When Nissan slashed the price of its 2013 Nissan Leaf electric car by thousands of dollars, Ford, its closest competitor in the EV marketplace, said it wouldn’t be following suit.
Oh, what a difference just a few months can make. For 2014, Ford is cutting $4,000 off the price of its Focus Electric after experiencing what can most kindly be called sluggish sales. That now puts its starting point at $35,200, including destination and handling, which is still some $6,000 over the price of entry for a 2013 Nissan Leaf. Even at that, you can score a lease for a Nissan Leaf at just $199 per month, and competition like the Honda Fit EV ($259 per month) and Chevrolet Volt ($269 per month) aren’t much higher. By comparison, Ford offered a $249 per month lease deal in the California market.
Through June of this year, automakers have sold about 41,000 electric cars in the U.S., comprising a tiny fraction of the total number of vehicles making their way into customer hands. This is despite there being a $7,500 federal tax incentive and state incentives ranging up to $7,500 in states like West Virginia, which has a great electricity infrastructure thanks to its coal-mining industry.
Despite huge upfront costs, automakers are willing to take the financial hits with lowering prices for two reasons: The more EVs they sell, the lower their development and production costs may be. And in California, the Air Resources Board has made a mandate that the seven largest automakers must have a 15-percent fleet composition of zero-emissions vehicles in the state, lest they be fined or banned from selling cars in the state. Currently, many automakers are purchasing clean air credits from Tesla, which has sold more than 6,000 of its Model S sedans that range in price from about $60,000 to $100,000.

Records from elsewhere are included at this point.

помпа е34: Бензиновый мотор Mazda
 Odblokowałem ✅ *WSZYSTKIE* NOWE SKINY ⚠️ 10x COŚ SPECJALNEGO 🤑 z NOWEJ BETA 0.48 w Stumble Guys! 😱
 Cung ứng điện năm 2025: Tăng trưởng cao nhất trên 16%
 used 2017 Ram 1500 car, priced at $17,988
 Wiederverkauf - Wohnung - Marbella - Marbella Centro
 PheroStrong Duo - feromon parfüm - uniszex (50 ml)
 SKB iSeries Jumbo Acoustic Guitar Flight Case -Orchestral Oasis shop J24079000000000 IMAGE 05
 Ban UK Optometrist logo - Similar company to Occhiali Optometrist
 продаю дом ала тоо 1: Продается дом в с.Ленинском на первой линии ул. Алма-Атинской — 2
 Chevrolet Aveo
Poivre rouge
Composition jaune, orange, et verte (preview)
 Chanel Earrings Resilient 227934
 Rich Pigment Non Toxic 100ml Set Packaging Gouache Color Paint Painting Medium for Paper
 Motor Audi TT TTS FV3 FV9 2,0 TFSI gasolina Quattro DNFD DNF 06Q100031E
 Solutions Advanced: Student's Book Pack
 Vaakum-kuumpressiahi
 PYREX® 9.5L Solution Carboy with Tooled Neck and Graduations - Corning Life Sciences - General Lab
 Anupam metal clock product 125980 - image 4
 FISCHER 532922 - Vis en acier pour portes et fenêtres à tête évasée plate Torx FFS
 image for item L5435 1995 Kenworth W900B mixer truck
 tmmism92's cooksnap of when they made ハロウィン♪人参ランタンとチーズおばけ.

When we drove the 2013 Ford Focus Electric, we said it was one of the best electric cars on the market. Mind you, that was before the Tesla Model S, Honda Fit EV, and Fiat 500e made it to production. But with a solid 76 miles of electric range per charge, we found it practical without being too compromised. Now, makers of electric cars are seeing their products become antiques almost as soon as they’re rolled out, as the technology is evolving so quickly. Perhaps the only way to make an electric car is to keep bleeding money until the technology matures.
But is the cost of hundreds of millions of dollars annually car really worth it?